What the task requires. For this exercise, copy all the data exactly and include none of the pictures.
Dataset records Start Marker
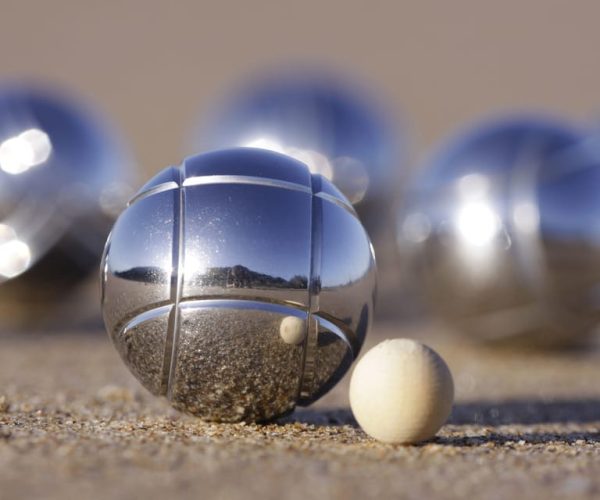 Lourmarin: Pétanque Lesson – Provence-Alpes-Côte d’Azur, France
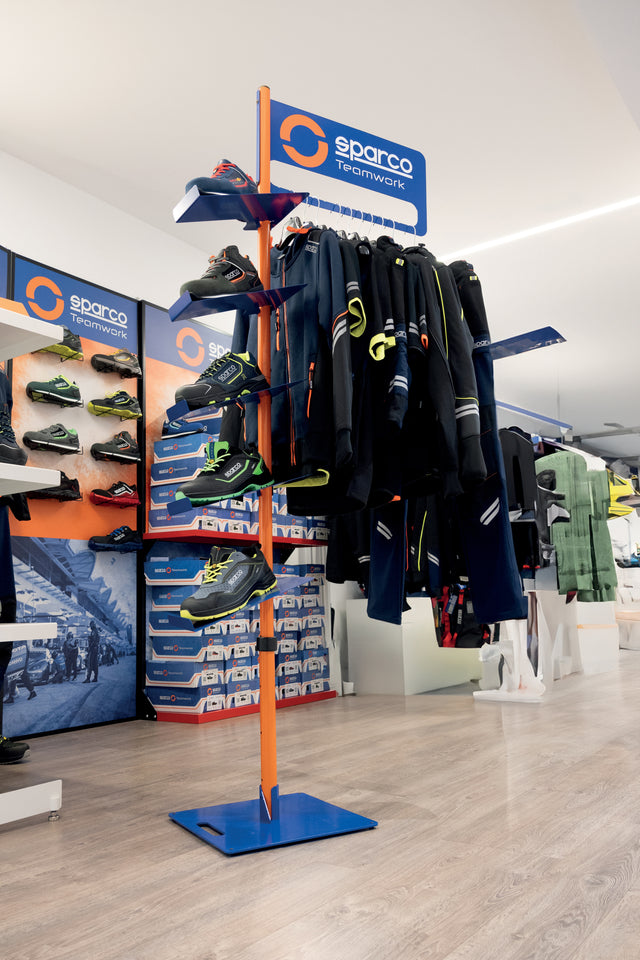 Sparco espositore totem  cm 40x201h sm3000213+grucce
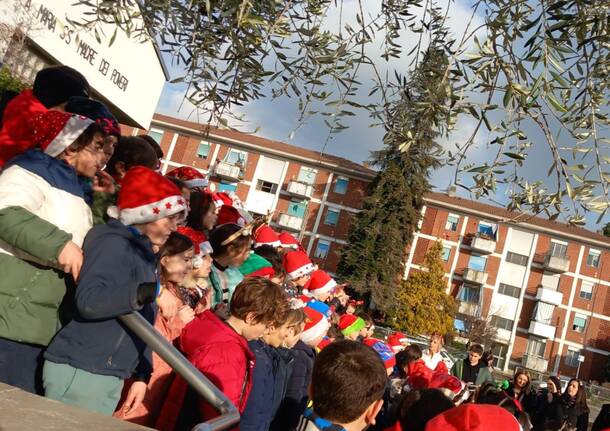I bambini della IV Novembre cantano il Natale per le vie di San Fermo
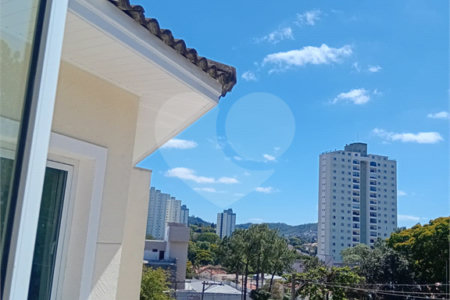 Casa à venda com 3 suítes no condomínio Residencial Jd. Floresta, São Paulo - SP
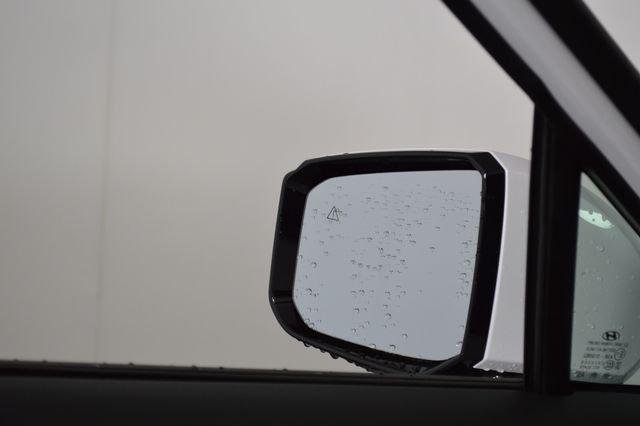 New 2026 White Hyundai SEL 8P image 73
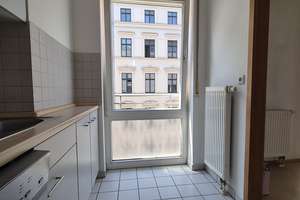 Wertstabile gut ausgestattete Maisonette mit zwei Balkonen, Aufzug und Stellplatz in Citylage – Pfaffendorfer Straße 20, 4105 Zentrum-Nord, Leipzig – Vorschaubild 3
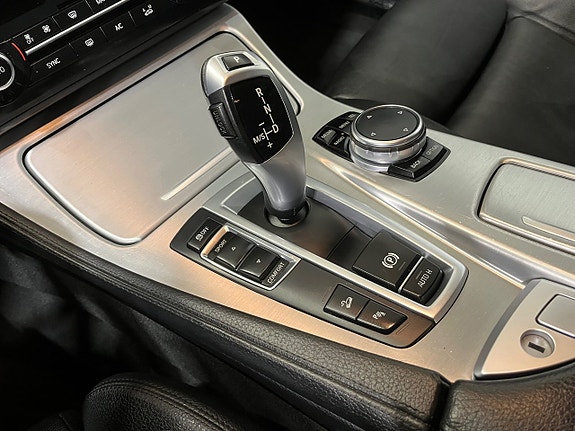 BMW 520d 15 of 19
Dataset records End Marker
Exercise answer.
 Lourmarin: Pétanque Lesson – Provence-Alpes-Côte d’Azur, France
 Sparco espositore totem  cm 40x201h sm3000213+grucce
I bambini della IV Novembre cantano il Natale per le vie di San Fermo
 Casa à venda com 3 suítes no condomínio Residencial Jd. Floresta, São Paulo - SP
 New 2026 White Hyundai SEL 8P image 73
 Wertstabile gut ausgestattete Maisonette mit zwei Balkonen, Aufzug und Stellplatz in Citylage – Pfaffendorfer Straße 20, 4105 Zentrum-Nord, Leipzig – Vorschaubild 3
 BMW 520d 15 of 19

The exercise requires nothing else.